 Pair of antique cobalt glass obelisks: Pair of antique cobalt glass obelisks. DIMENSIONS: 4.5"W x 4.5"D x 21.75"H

________________

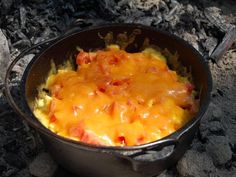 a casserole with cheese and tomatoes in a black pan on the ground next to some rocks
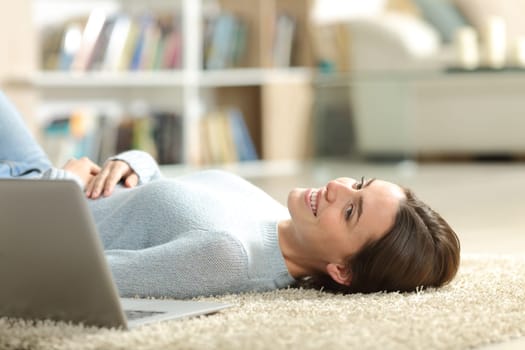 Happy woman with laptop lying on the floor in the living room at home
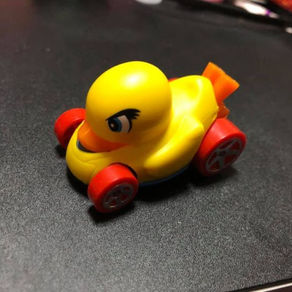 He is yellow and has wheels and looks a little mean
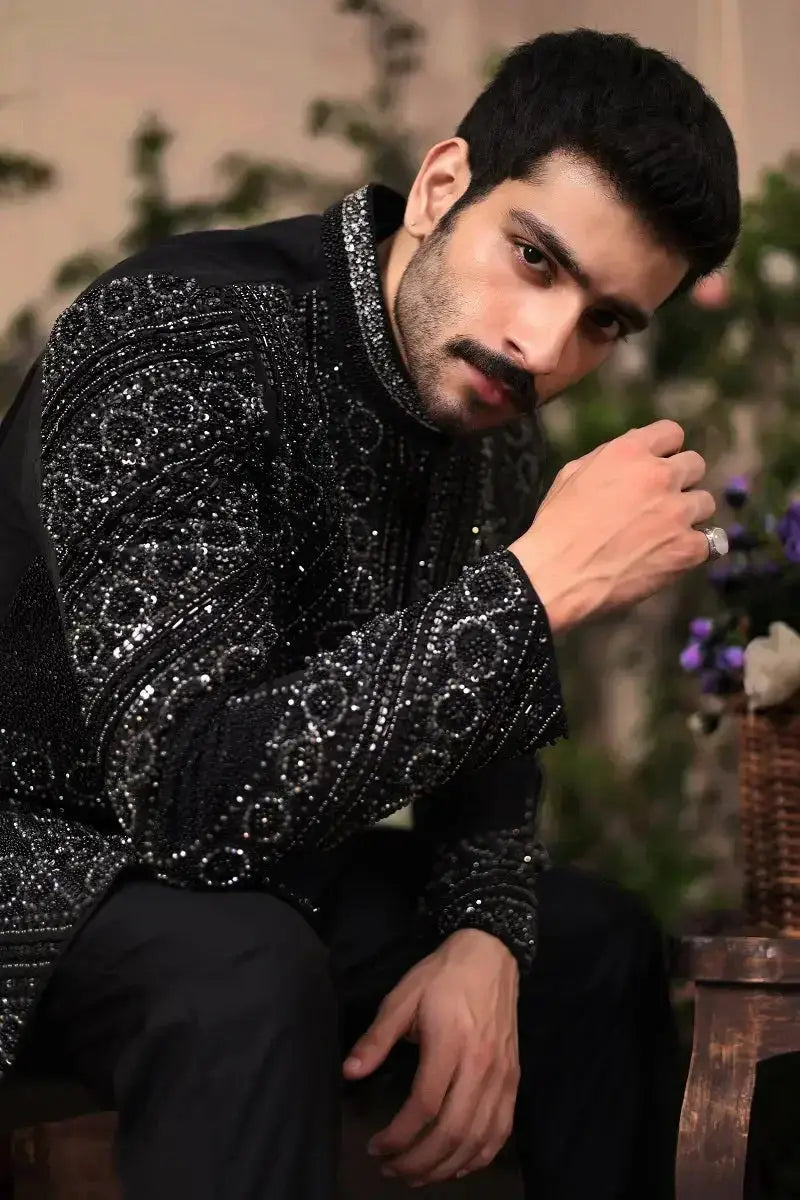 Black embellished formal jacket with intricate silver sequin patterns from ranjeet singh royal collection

________________

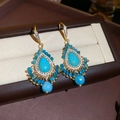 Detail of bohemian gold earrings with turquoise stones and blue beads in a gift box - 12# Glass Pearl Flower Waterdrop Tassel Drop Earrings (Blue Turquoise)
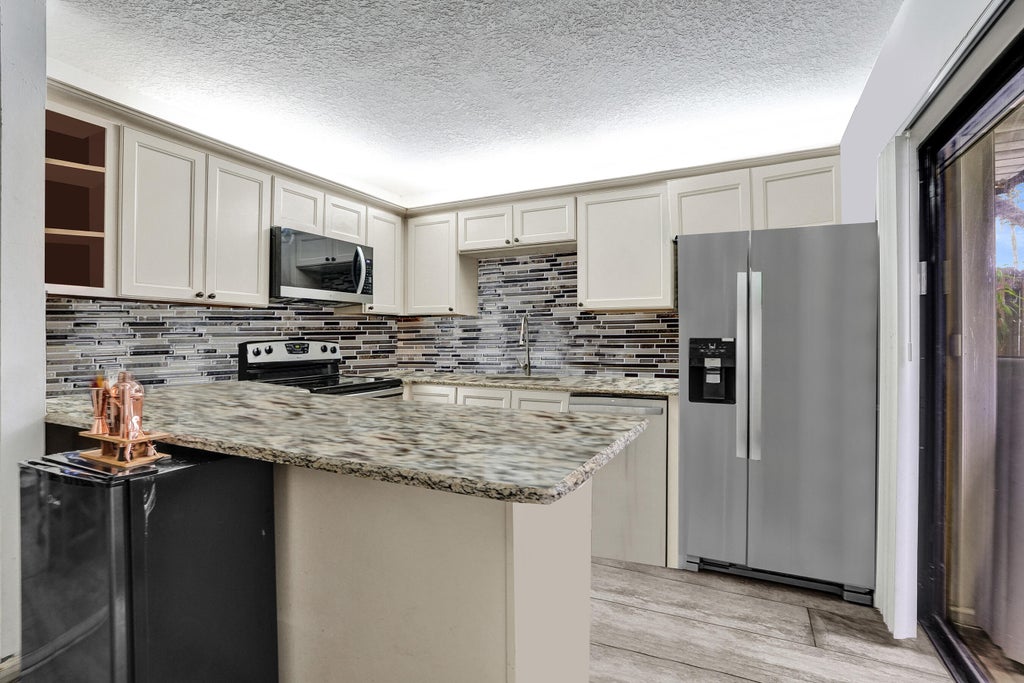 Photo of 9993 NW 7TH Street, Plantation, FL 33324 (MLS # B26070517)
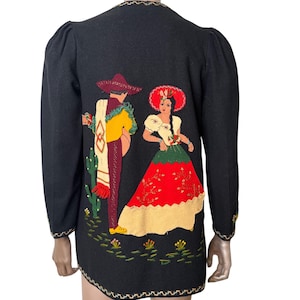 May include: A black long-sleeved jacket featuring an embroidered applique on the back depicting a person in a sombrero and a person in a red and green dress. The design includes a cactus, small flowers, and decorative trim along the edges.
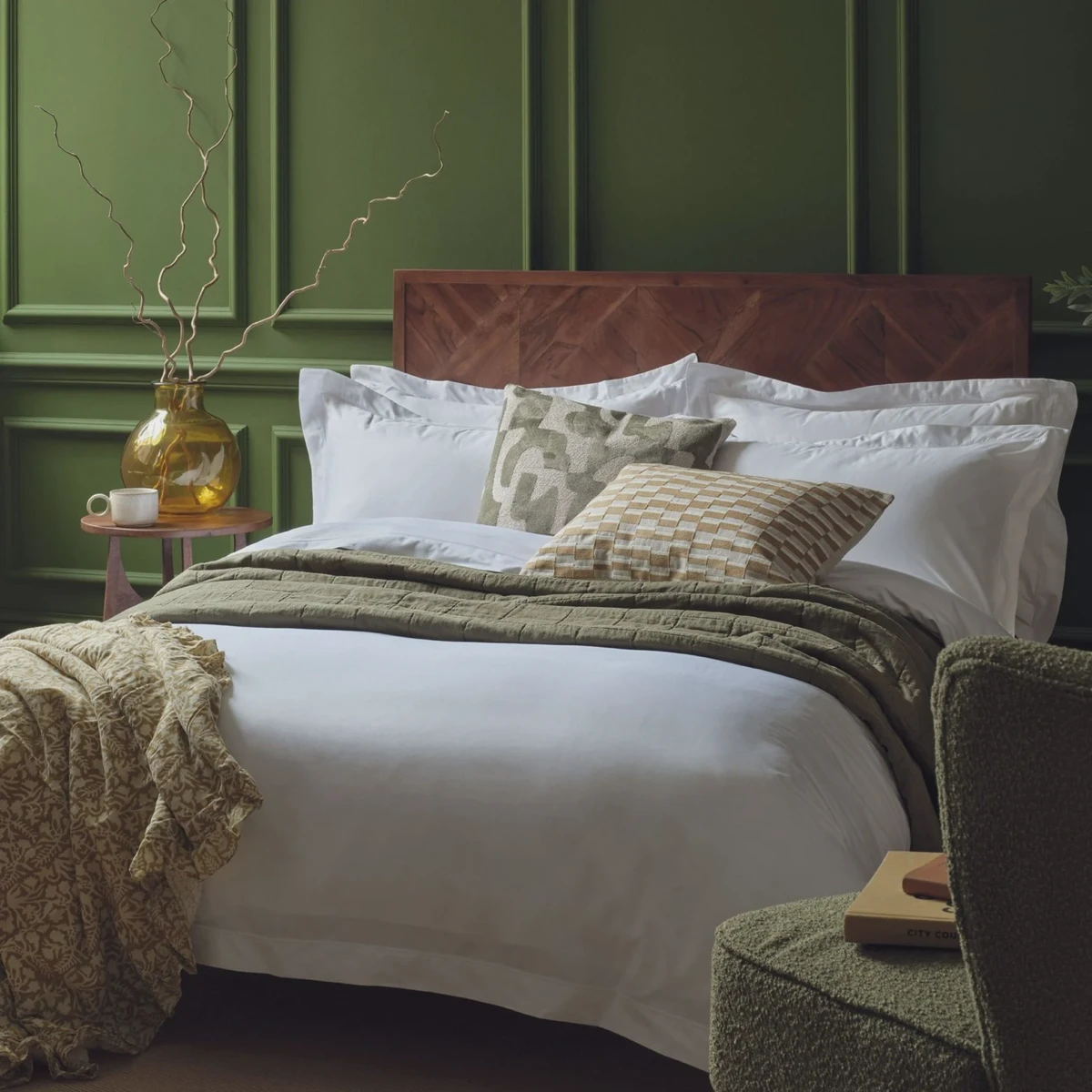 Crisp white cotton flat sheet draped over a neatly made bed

________________

- _Your task_:
Find the line with "May include: A" in the data above, and from there retype each line exactly through the line with "Crisp white cotton", skipping the pictures along the way.

- _Output below_:
 May include: A black long-sleeved jacket featuring an embroidered applique on the back depicting a person in a sombrero and a person in a red and green dress. The design includes a cactus, small flowers, and decorative trim along the edges.
 Crisp white cotton flat sheet draped over a neatly made bed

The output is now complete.